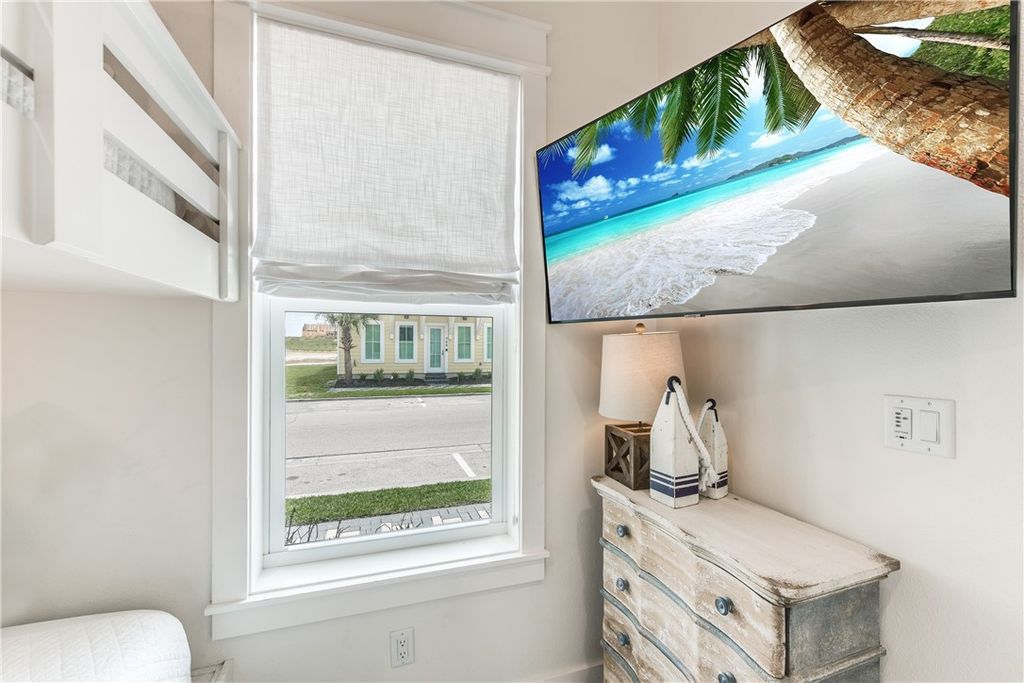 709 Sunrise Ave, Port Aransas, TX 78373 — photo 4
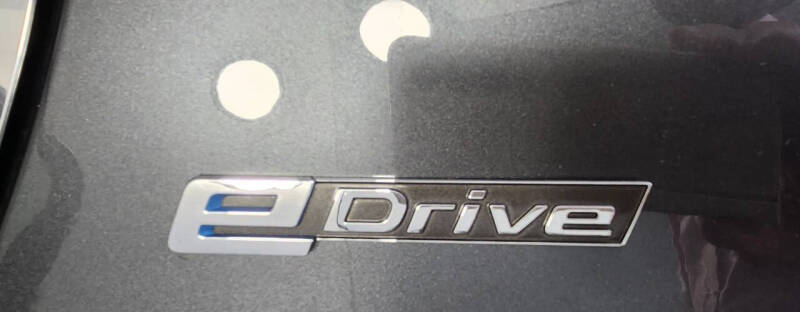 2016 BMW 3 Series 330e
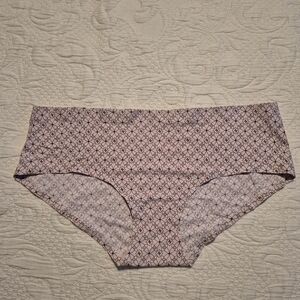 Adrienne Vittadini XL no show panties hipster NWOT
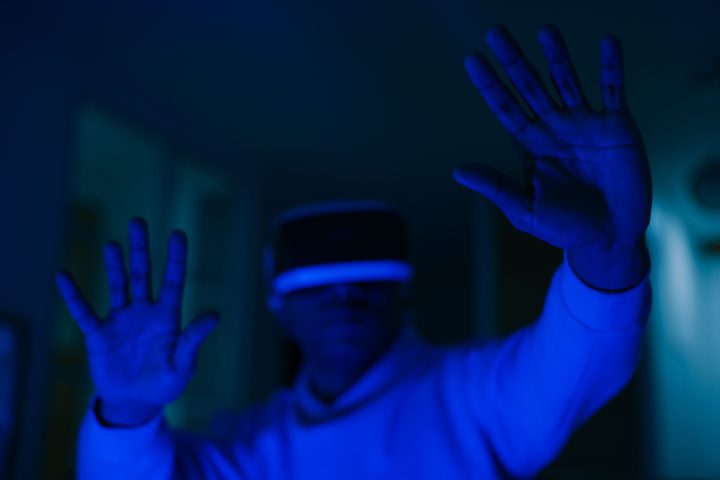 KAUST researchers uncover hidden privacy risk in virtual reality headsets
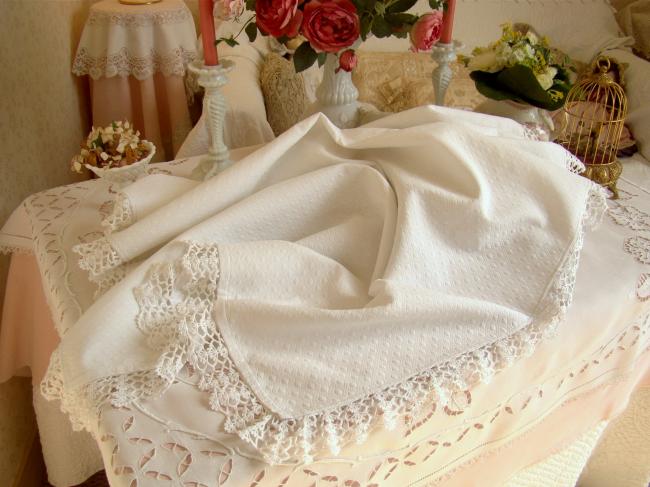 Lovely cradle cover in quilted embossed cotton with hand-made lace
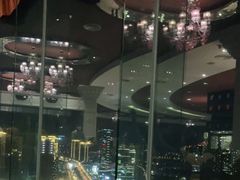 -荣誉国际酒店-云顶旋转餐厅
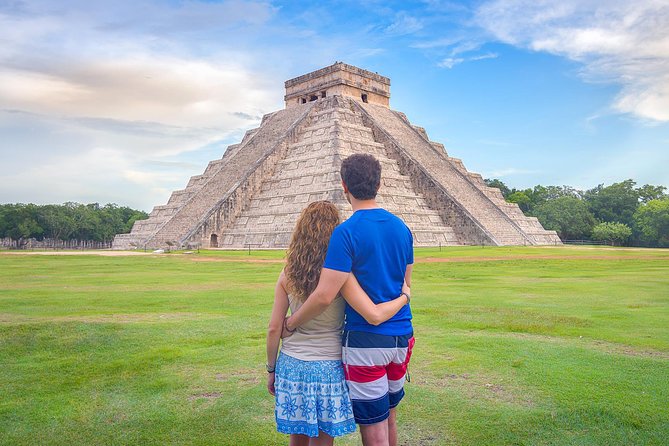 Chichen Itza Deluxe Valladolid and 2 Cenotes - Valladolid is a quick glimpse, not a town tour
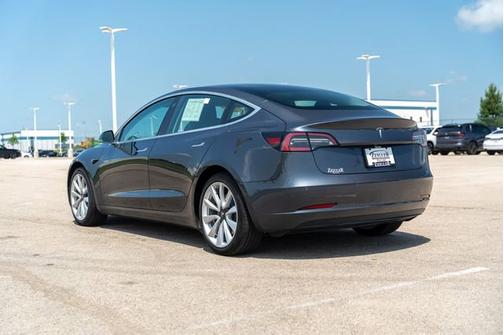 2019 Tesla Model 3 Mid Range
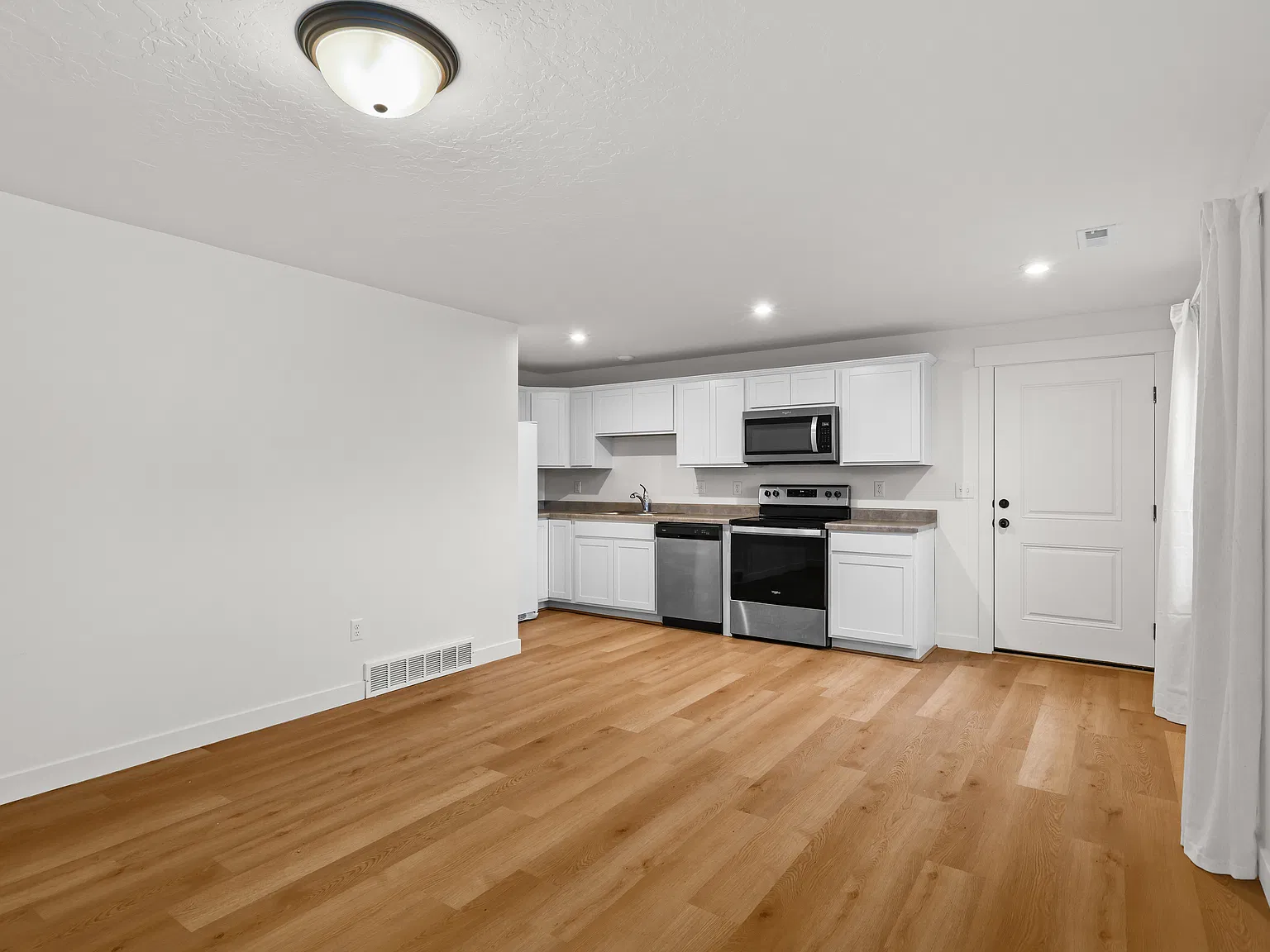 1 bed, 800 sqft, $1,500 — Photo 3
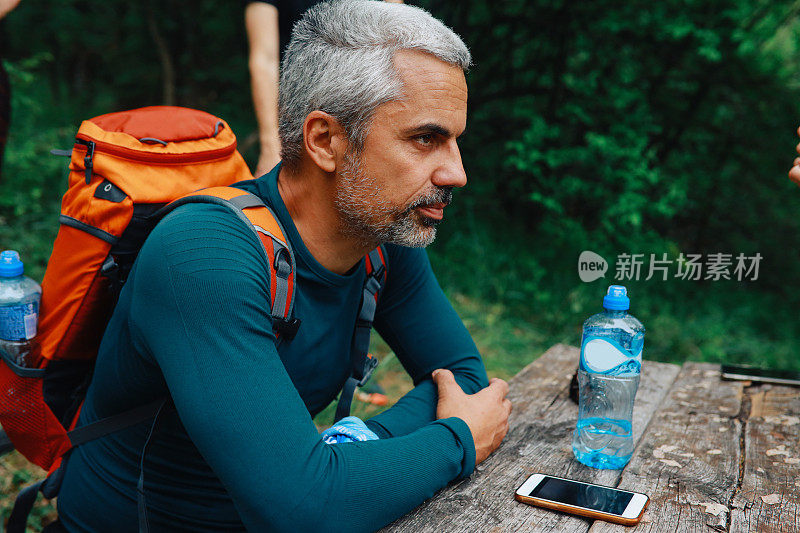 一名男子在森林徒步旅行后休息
══════════════════════════════
Your answer must be an exact copy of every entry, with no pictures in it.

» **ANSWER TO THE PROBLEM**:
 709 Sunrise Ave, Port Aransas, TX 78373 — photo 4
 2016 BMW 3 Series 330e
 Adrienne Vittadini XL no show panties hipster NWOT
 KAUST researchers uncover hidden privacy risk in virtual reality headsets
 Lovely cradle cover in quilted embossed cotton with hand-made lace
 -荣誉国际酒店-云顶旋转餐厅
 Chichen Itza Deluxe Valladolid and 2 Cenotes - Valladolid is a quick glimpse, not a town tour
 2019 Tesla Model 3 Mid Range
 1 bed, 800 sqft, $1,500 — Photo 3
 一名男子在森林徒步旅行后休息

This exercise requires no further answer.